◆ **Task goal**: Once you find the line with "Shattered face powder" in the listing below, set down exactly every line from it through the line with "Coolant being sprayed", but no pictures.

◆ **Source records**:
════════

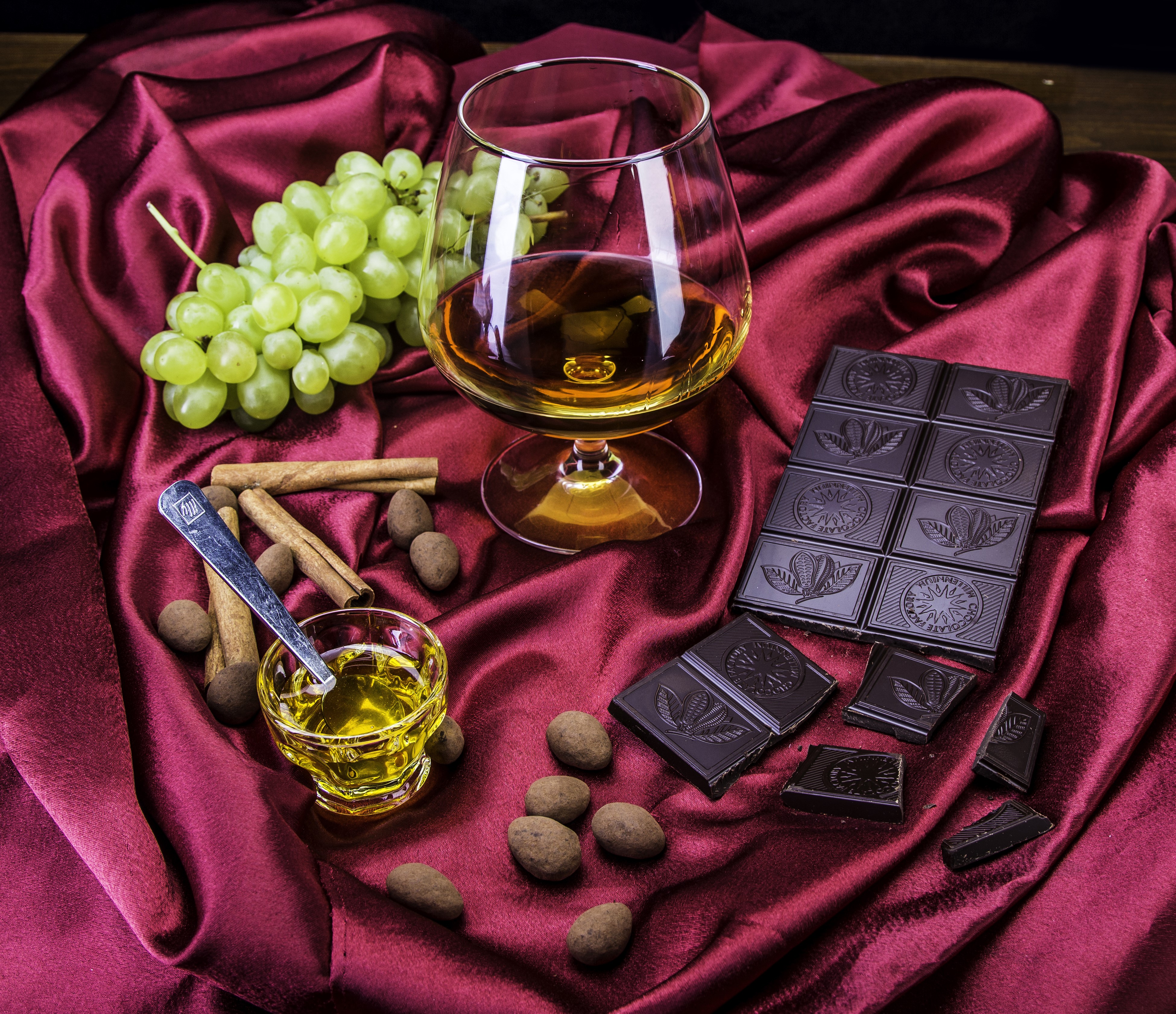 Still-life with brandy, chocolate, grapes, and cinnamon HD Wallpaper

════════

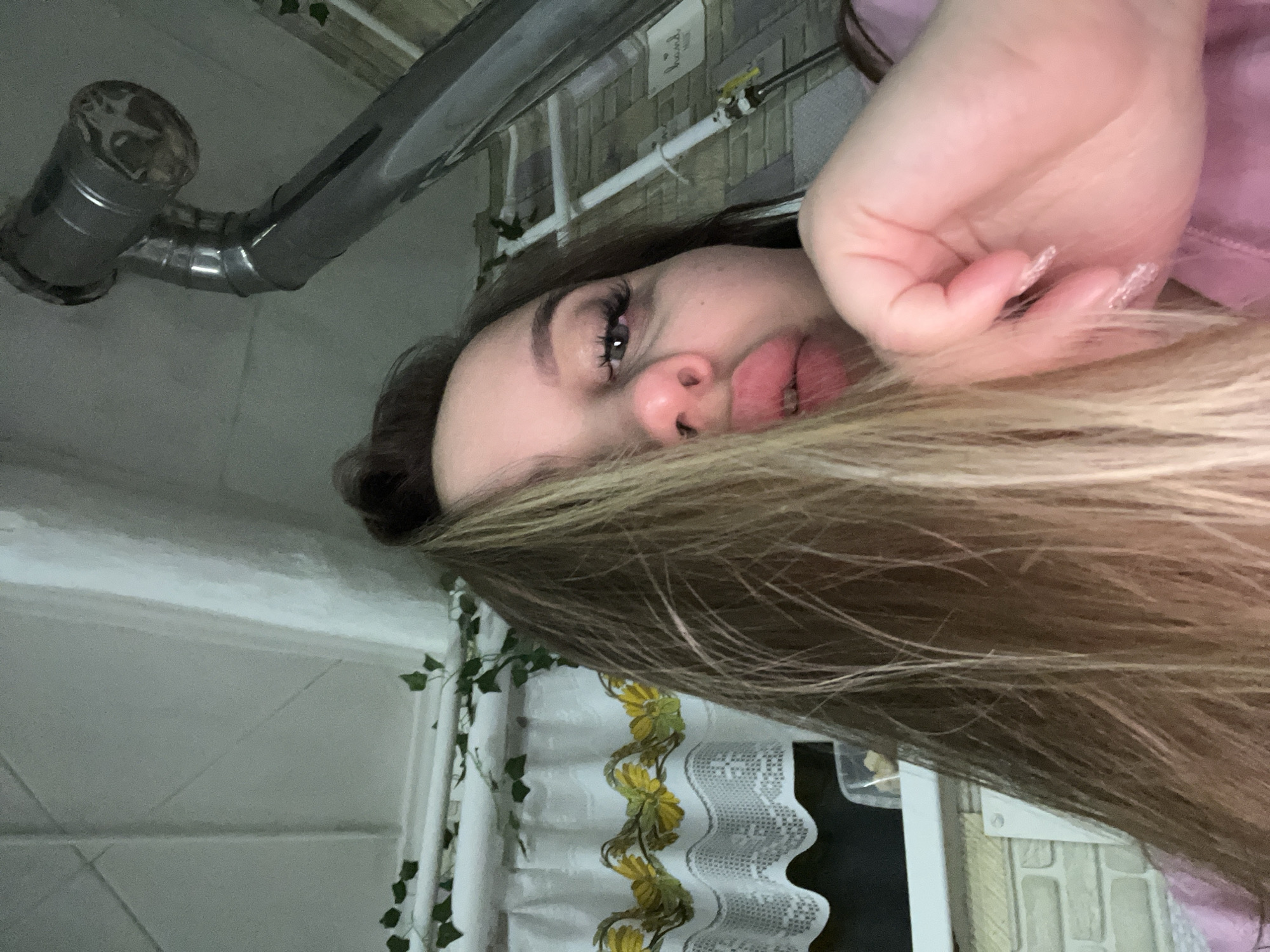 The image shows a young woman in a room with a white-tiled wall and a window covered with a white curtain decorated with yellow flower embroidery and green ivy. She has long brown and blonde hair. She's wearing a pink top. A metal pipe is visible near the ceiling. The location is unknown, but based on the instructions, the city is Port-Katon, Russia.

════════

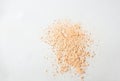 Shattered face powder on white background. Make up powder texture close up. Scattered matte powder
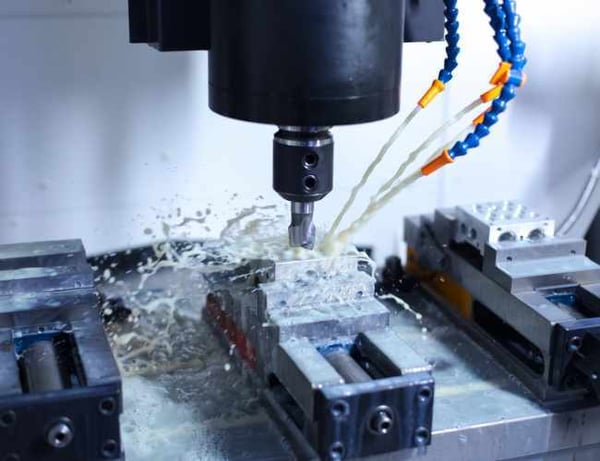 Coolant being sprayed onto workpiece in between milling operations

════════

◆ **Problem solution**:
 Shattered face powder on white background. Make up powder texture close up. Scattered matte powder
 Coolant being sprayed onto workpiece in between milling operations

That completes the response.